(Problem to solve):
When copying the records below, keep every word as it is and drop the images.

Pictures with short captions
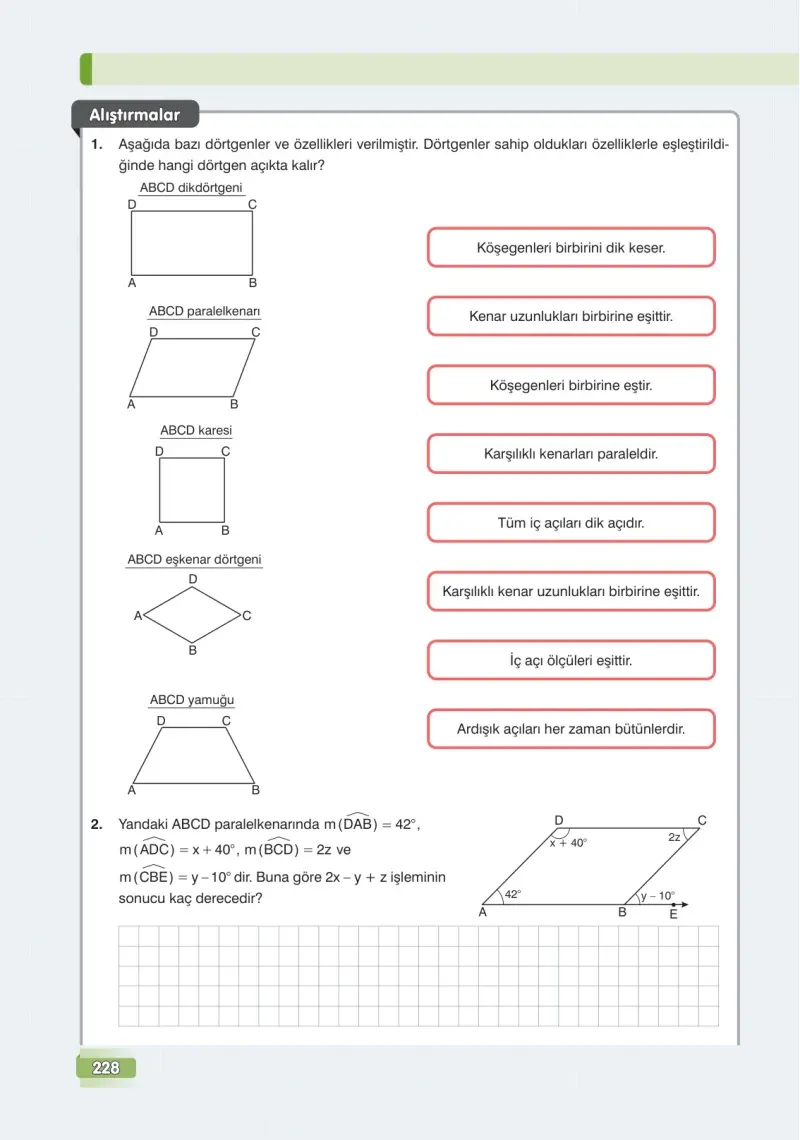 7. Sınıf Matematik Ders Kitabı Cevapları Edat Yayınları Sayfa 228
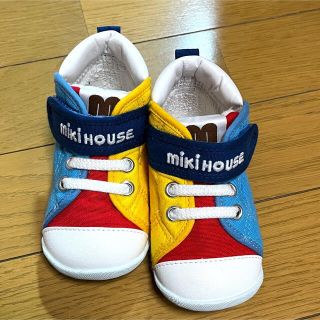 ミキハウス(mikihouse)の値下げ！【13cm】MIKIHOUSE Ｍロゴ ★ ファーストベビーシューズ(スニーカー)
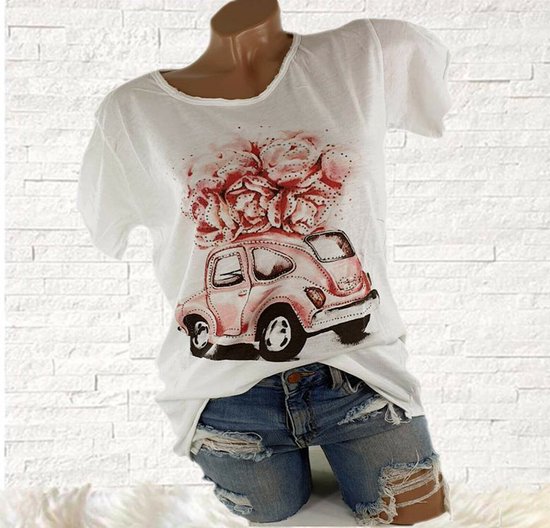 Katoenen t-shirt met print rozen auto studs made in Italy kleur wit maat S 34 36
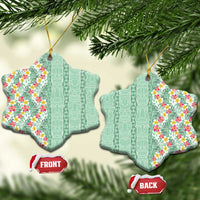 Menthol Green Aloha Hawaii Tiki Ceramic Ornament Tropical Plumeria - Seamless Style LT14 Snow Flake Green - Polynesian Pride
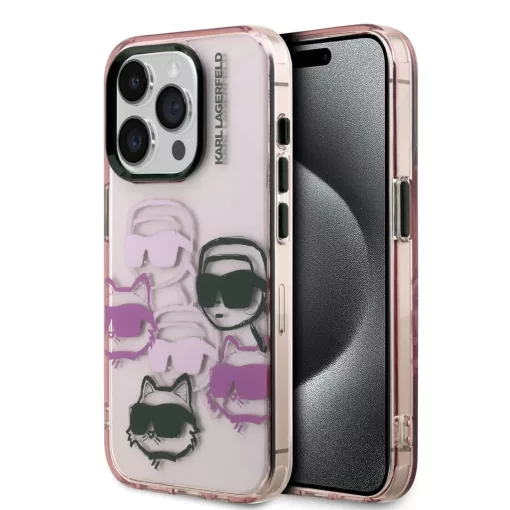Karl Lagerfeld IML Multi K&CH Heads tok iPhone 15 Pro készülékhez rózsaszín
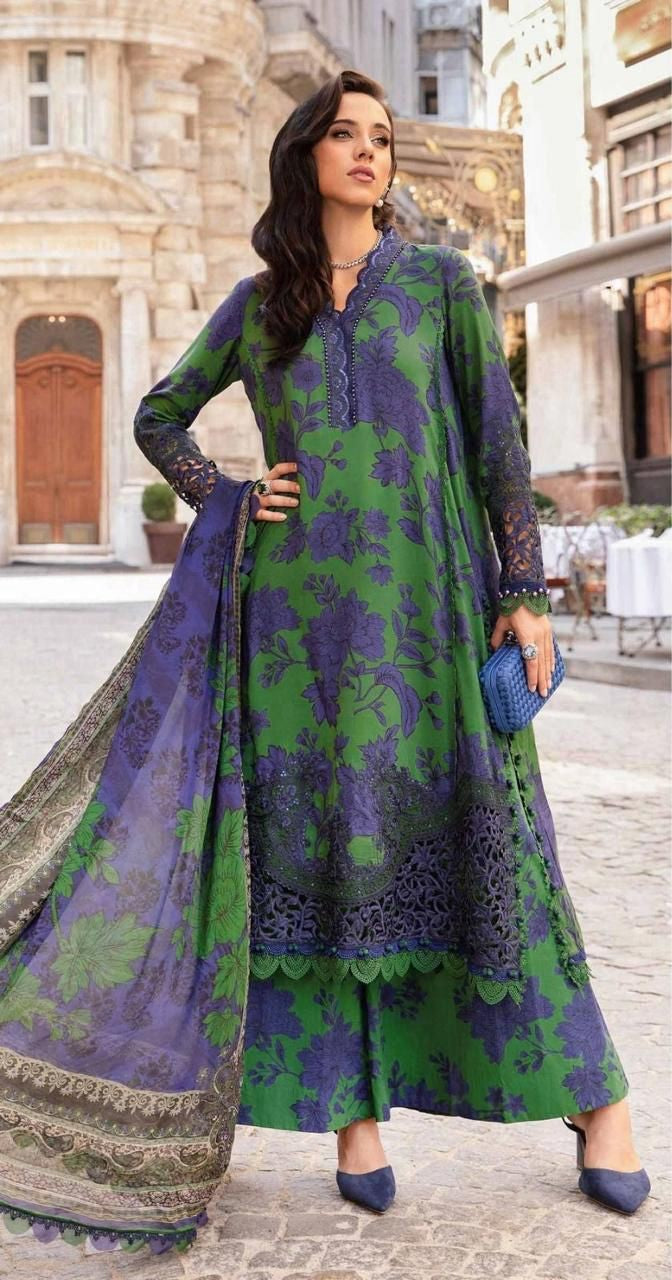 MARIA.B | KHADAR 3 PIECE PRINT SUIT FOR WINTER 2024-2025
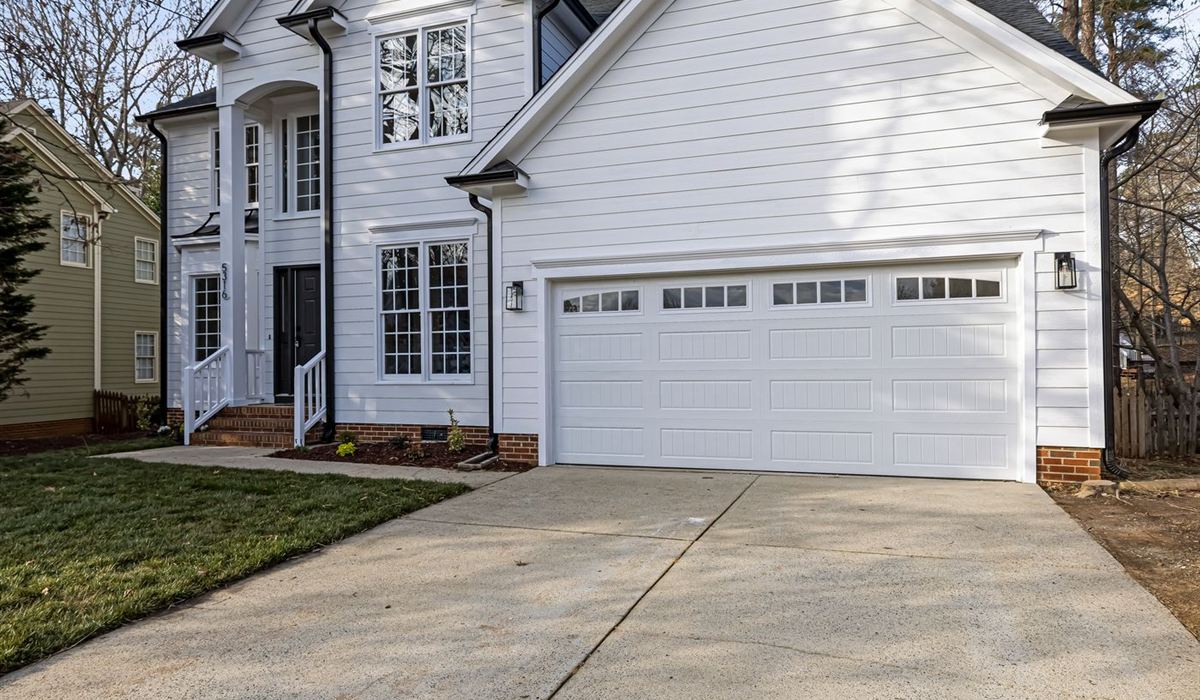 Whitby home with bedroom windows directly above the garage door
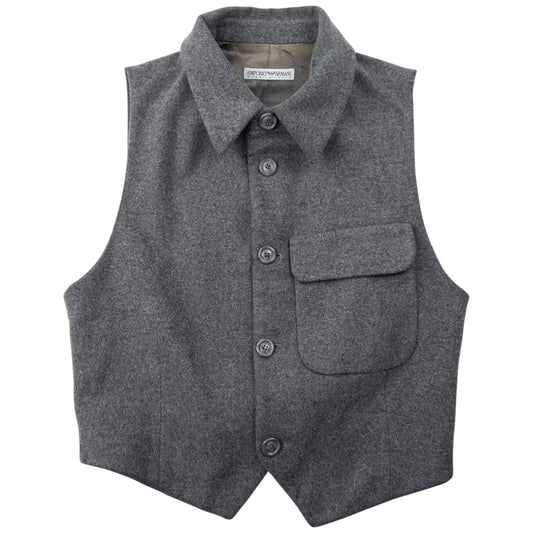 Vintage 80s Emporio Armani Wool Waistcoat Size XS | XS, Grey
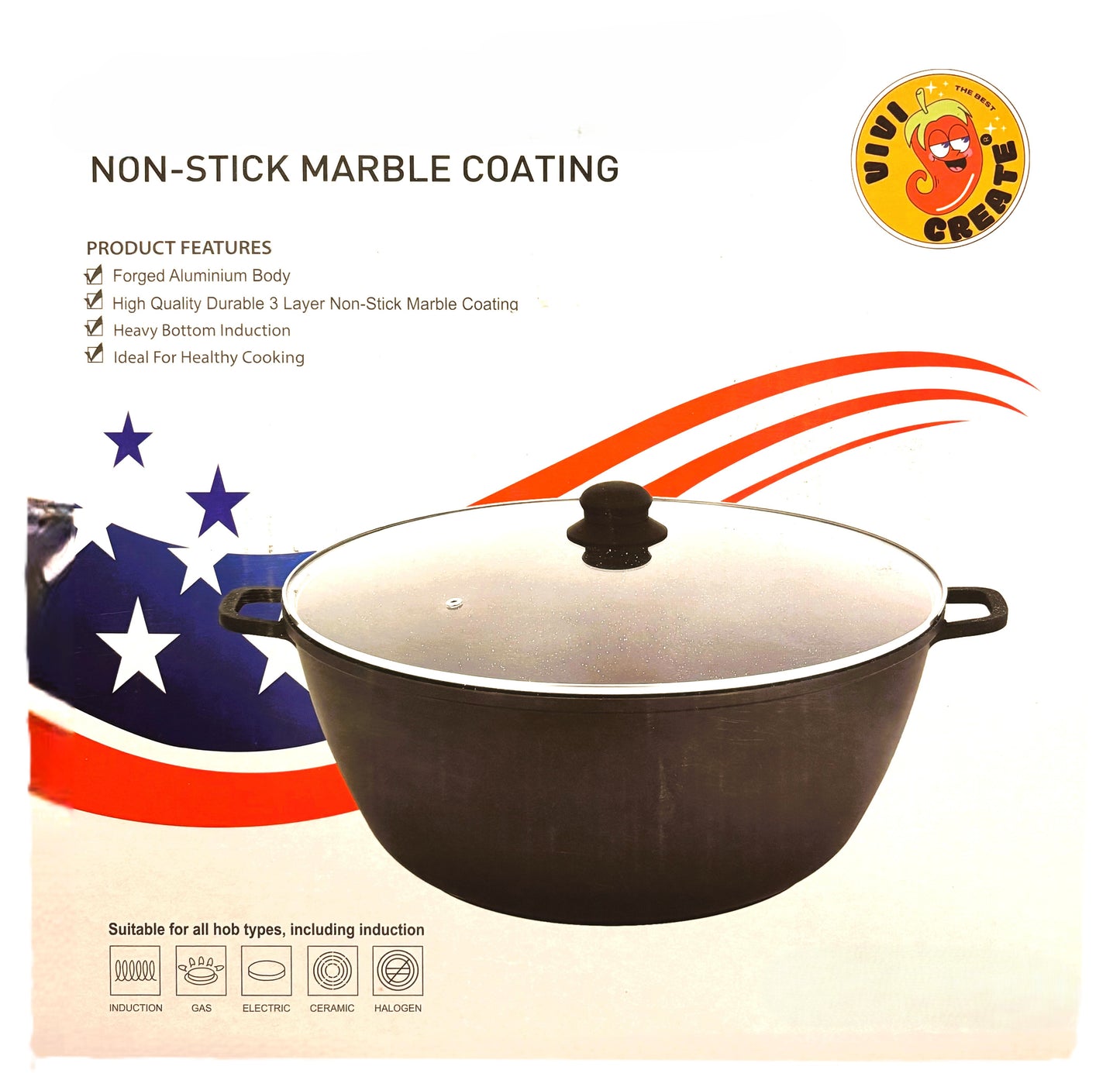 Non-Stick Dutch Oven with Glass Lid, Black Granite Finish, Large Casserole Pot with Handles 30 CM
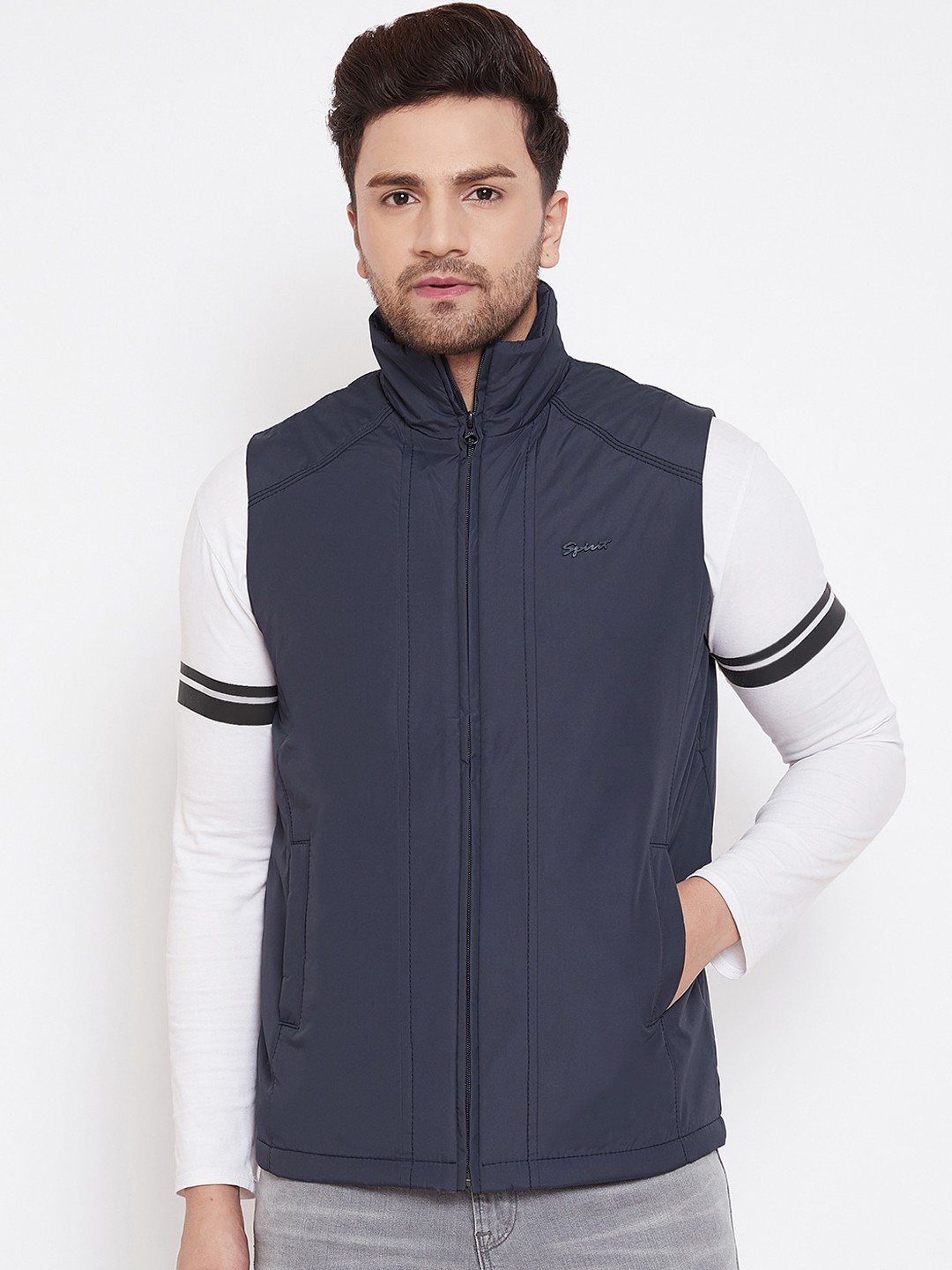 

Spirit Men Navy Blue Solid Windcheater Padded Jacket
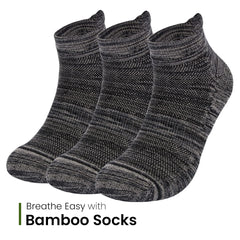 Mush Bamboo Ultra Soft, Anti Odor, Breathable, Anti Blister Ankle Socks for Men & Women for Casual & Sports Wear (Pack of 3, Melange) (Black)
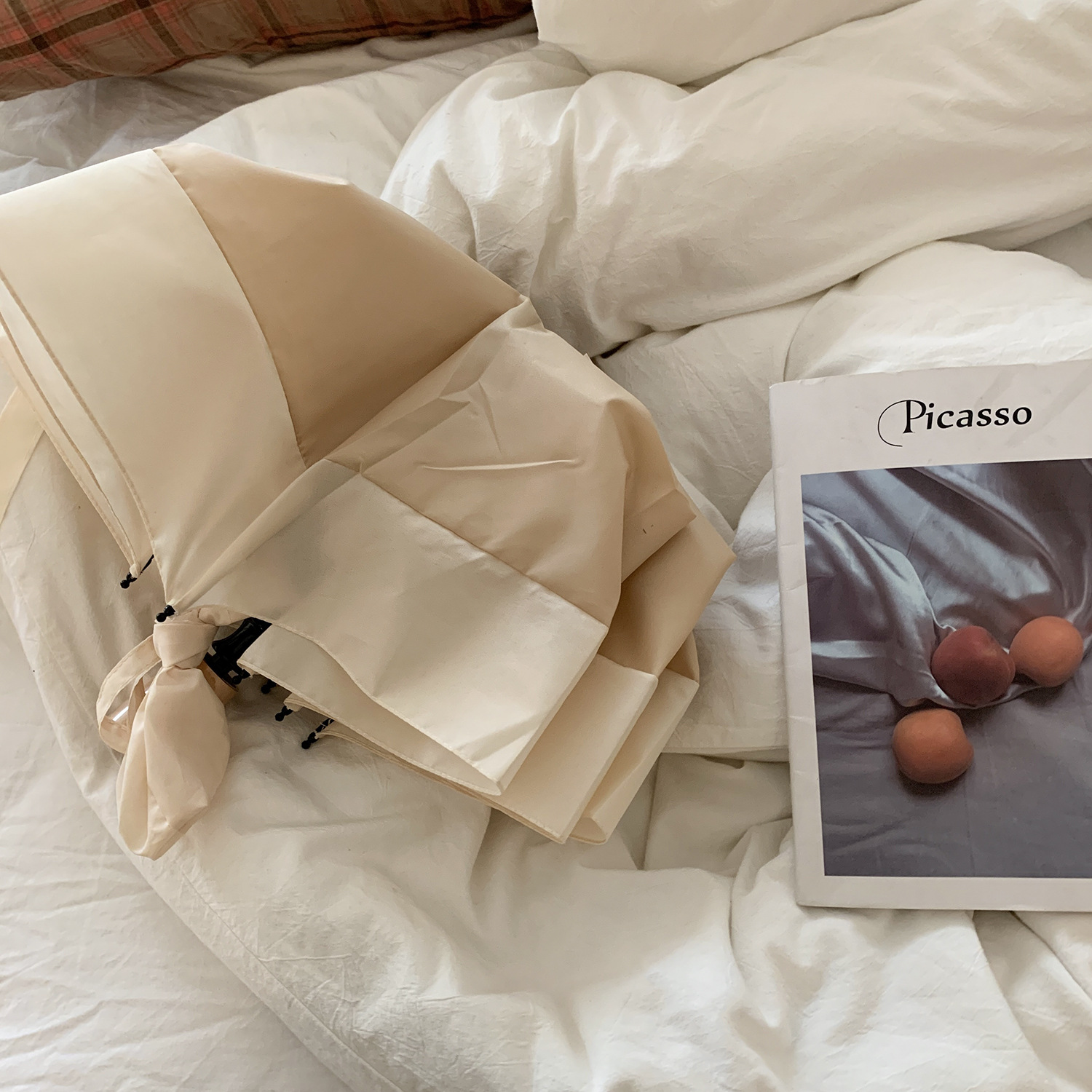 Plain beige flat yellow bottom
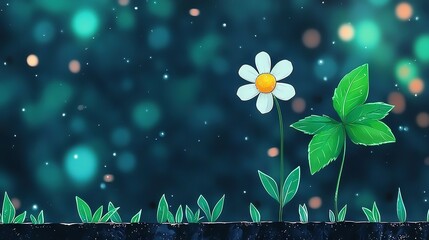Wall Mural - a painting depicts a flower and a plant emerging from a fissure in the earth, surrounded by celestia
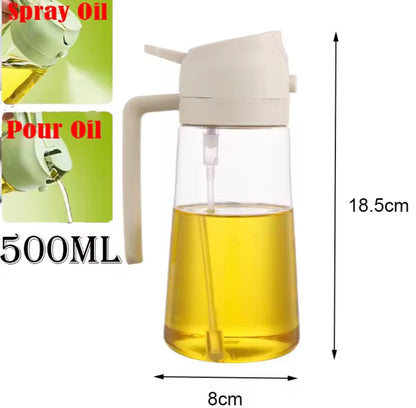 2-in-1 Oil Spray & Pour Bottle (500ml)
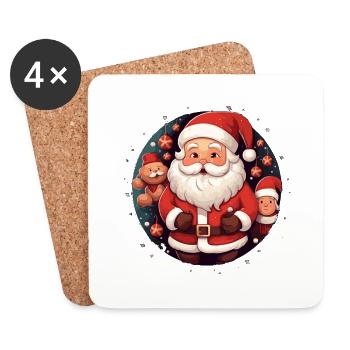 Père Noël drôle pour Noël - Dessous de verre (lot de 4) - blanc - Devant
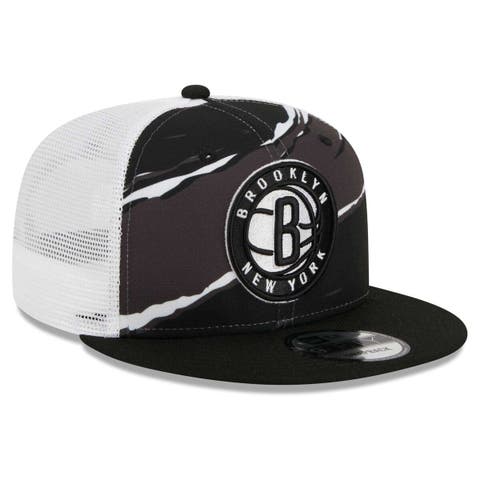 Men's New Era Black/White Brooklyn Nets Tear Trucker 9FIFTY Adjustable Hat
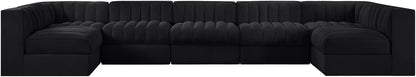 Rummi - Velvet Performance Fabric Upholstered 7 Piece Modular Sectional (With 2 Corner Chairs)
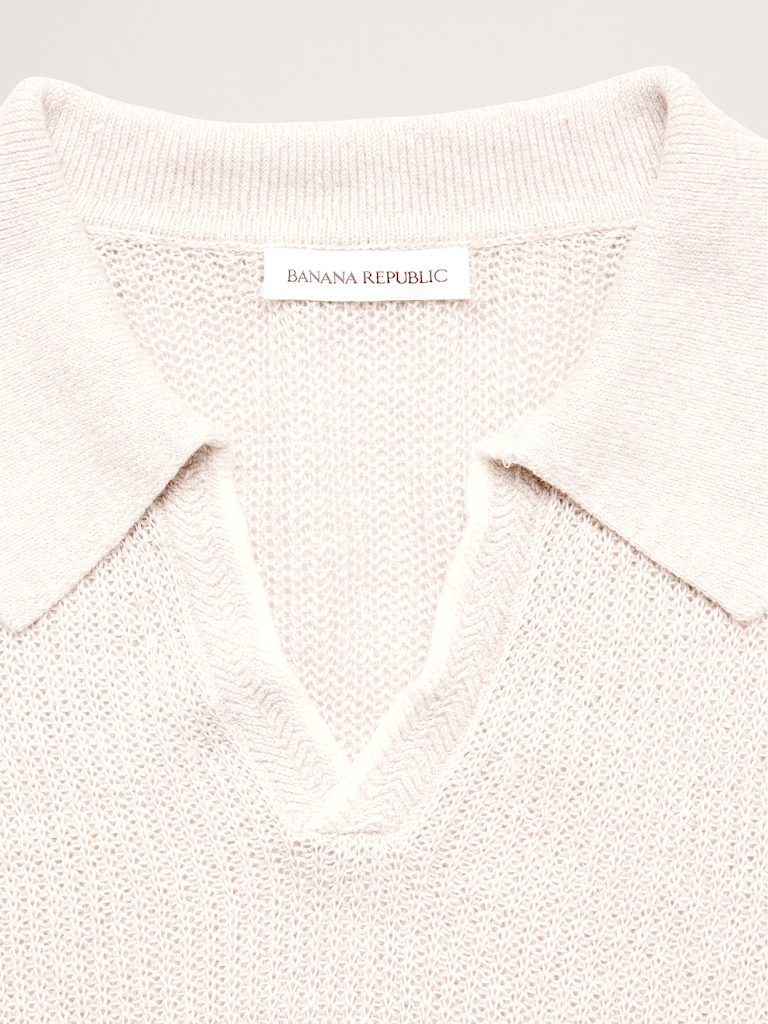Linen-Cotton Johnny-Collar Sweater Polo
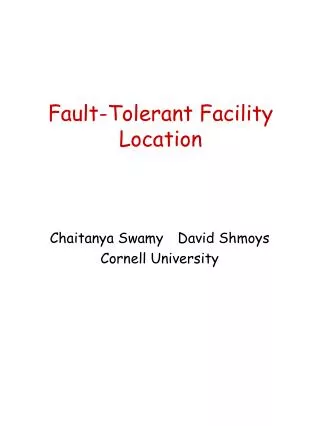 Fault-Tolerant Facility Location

(Solution to this task):
 7. Sınıf Matematik Ders Kitabı Cevapları Edat Yayınları Sayfa 228
 ミキハウス(mikihouse)の値下げ！【13cm】MIKIHOUSE Ｍロゴ ★ ファーストベビーシューズ(スニーカー)
 Katoenen t-shirt met print rozen auto studs made in Italy kleur wit maat S 34 36
 Menthol Green Aloha Hawaii Tiki Ceramic Ornament Tropical Plumeria - Seamless Style LT14 Snow Flake Green - Polynesian Pride
Karl Lagerfeld IML Multi K&CH Heads tok iPhone 15 Pro készülékhez rózsaszín
 MARIA.B | KHADAR 3 PIECE PRINT SUIT FOR WINTER 2024-2025
 Whitby home with bedroom windows directly above the garage door
 Vintage 80s Emporio Armani Wool Waistcoat Size XS | XS, Grey
 Non-Stick Dutch Oven with Glass Lid, Black Granite Finish, Large Casserole Pot with Handles 30 CM

Spirit Men Navy Blue Solid Windcheater Padded Jacket
 Mush Bamboo Ultra Soft, Anti Odor, Breathable, Anti Blister Ankle Socks for Men & Women for Casual & Sports Wear (Pack of 3, Melange) (Black)
 Plain beige flat yellow bottom
Wall Mural - a painting depicts a flower and a plant emerging from a fissure in the earth, surrounded by celestia
 2-in-1 Oil Spray & Pour Bottle (500ml)
 Père Noël drôle pour Noël - Dessous de verre (lot de 4) - blanc - Devant
 Men's New Era Black/White Brooklyn Nets Tear Trucker 9FIFTY Adjustable Hat
 Rummi - Velvet Performance Fabric Upholstered 7 Piece Modular Sectional (With 2 Corner Chairs)
Linen-Cotton Johnny-Collar Sweater Polo
 Fault-Tolerant Facility Location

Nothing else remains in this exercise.